SIGMA 30mm F2.8 EX DN
DMC-GX1 / SIGMA 30mm F2.8 EX DN / 約8.3MB / 3,448×4,592 / 1/320秒 / F2.8 / +1.7EV / ISO200 / WB:晴天 / 30mm |
シグマから発売された「SIGMA 30mm F2.8 EX DN」は同社初のノンレフレックスカメラ(ミラーレスカメラ)専用の交換レンズだ。対応マウントはマイクロフォーサーズとソニーNEXのEマウントとなる。今回は先行して発売されたマイクロフォーサーズマウントのレンズを使用しての実写レポートを届けたい。

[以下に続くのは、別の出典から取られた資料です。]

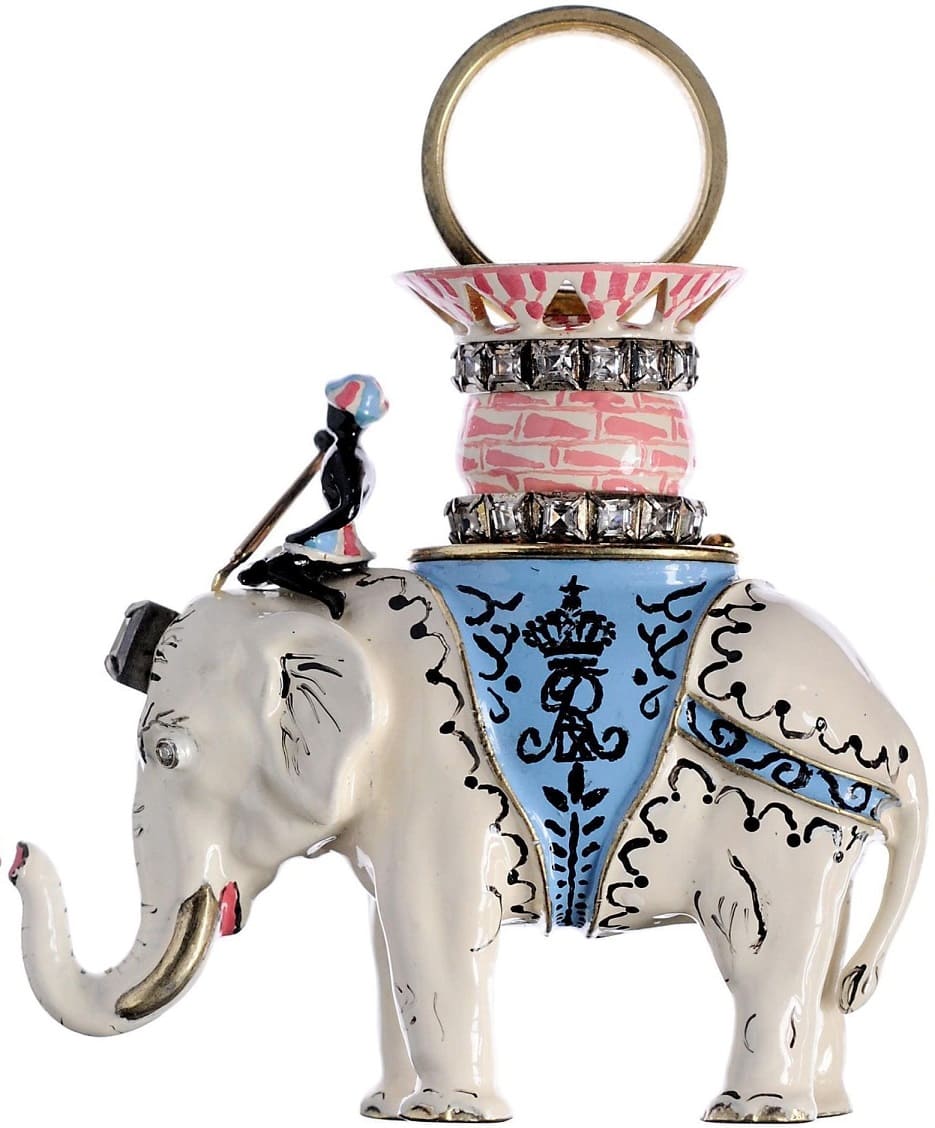 Order of the Elephant Fake.jpg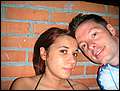 20040709_24.jpg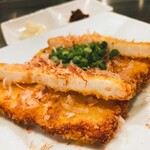 熱々鉄板 チェインズ 日比谷的實拍圖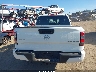1N6ED1EK8RN****** Usados 2024 Nissan Frontier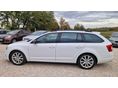 SKODA OCTAVIA 2016/6 - 8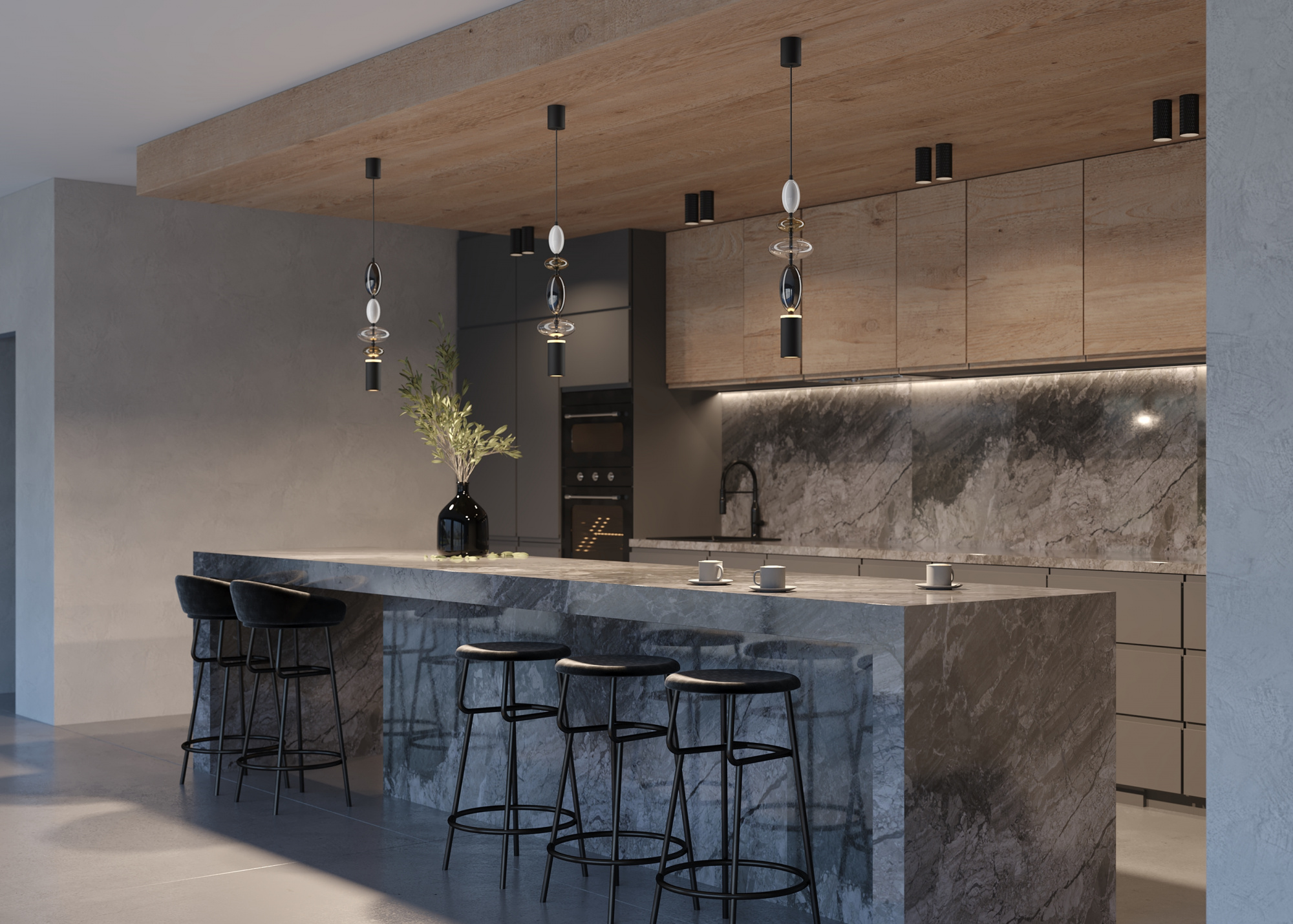 Interio_ for_the_site_MOD071PL-L8B3K2_standard Interio_ for_the_site_MOD071PL-L8B3K2_standard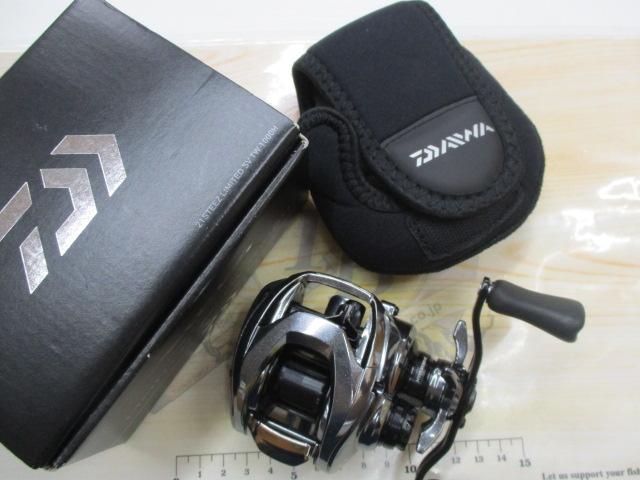 スティーズリミテッド SV TW 1000H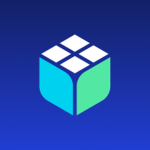 BlockBorn Studios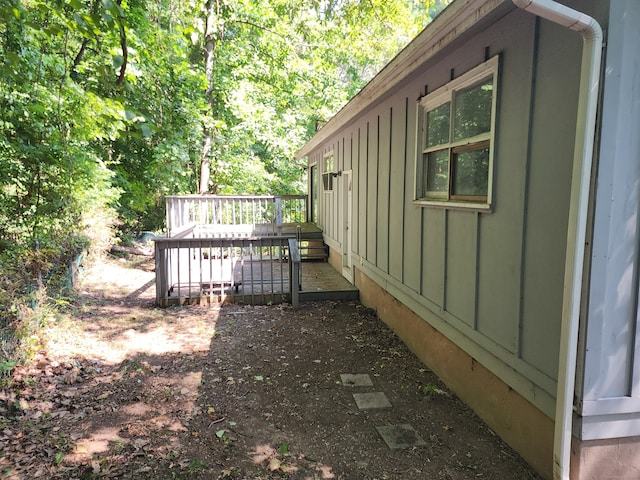 124 Malcolm Rd, West Haven, CT 06516 - photo 4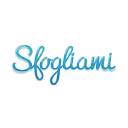 Sfogliami.it logo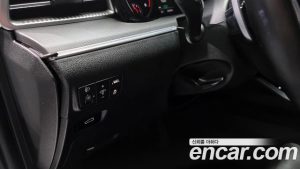 Kia K5 1.6 Turbo 2020 года из Южной Кореи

LUMIX DMC-GX1に装着。マイクロフォーサーズマウント用の発売は2月24日。価格は2万5,200円。Eマウント用の発売時期は未定 |
30mm F2.8 EX DNは、マイクロフォーサーズ機との組み合わせにより35mm判換算で60mm相当の標準域のレンズとなる。今回のレポート撮影ではパナソニック「LUMIX DMC-GX1」(以下GX1)と組みあわせて撮影を行なった。GX1と組み合わせた姿は実に落ち着いたものとなる。鏡筒はつや消しブラックの樹脂製だが、マニュアルフォーカス用のピントリングのローレットパターンも幅広かつシンプルなデザインでどことなくクラシカルだ。単焦点レンズなのでズーミングによる鏡筒の繰り出しもなく、また沈胴式でもないので撮影時においてもその姿が変化することもない。実にスマートだ。
GX1と組み合わせたサイズ感はバランスがよく、さっと手にしてパッとシャッターを切ることができる。新開発のリニアAFモーターによるAF駆動は素早く静かだ。また幅広のピントリングによるMFも適度なトルクとピッチで合わせやすい。開放F値が2.8と明るいのもAF/MF共にフォーカス速度と精度の向上に寄与していると思われる。スナップ撮影において非常に使い勝手のよいレンズだ。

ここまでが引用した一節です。